Karrieren enden, Trikots bleiben. Deswegen hat Willi Schulz nie aufgehört, zu grätschen, Manfred Kaltz nie aufgehört, zu flanken, Tony Yeboah nie aufgehört, Tore zu schießen. Einer der Gründe, warum Fußballtrikots heutzutage so begehrt sind wie noch nie in der langen Liebesgeschichte zwischen Fan und Fußballverein. Das neue Heimtrikot vom HSV, eine Reminiszenz an die Mitte der Neunzigerjahre, sorgte für Rekordzahlen im Verkauf. Schon nach acht Minuten waren die ersten 1000 Jerseys vergeben, was sicherlich nicht nur mit der Euphorie nach dem lange ersehnten Wiederaufstieg zu tun hatte, sondern auch mit der gelungenen Optik.
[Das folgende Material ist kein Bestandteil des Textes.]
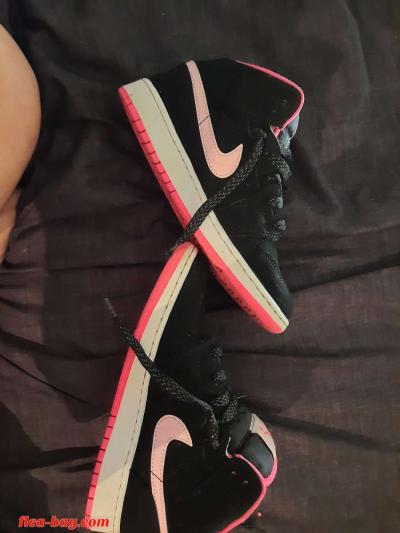 Ladies Jordan's sneakers - Thumbnail 2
Bei einer Umfrage auf www.bundesliga.de kürten Userinnen und User das neue Leibchen zum schönsten Trikot der laufenden Saison.

Was auch zur Faszination Trikot beiträgt: Es reicht schon ein einzelnes Hemd, um seiner Liebe Ausdruck zu verleihen, und es ist dabei völlig egal, ob es sich um ein Baumwollleibchen Marke Eigenbau handelt oder mal von Rafael van der Vaart getragen wurde. Zuneigung entscheidet sich nicht am Verkaufswert, und auch ein Sammler wie Christian Michalkiewicz kann nur ein Trikot tragen. Wie macht er das eigentlich bei fast 1000 Jerseys, wenn er mal wieder in Erinnerungen schwelgen oder seine Sammlung bestaunen möchte? „ Entweder schaue ich sie auf meiner Website www.1887-trikots.net oder unterwegs auf dem Handy an“, sagt er. Neulich war er mit seinen Kollegen in der Schweiz, da hat er mal wieder von seinen Trikots berichtet, Fotos gezeigt und Geschichten erzählt. Von Uns Uwe, von Michael Schröder und Campari. Und natürlich von Horst Hrubesch und Sergio Brio.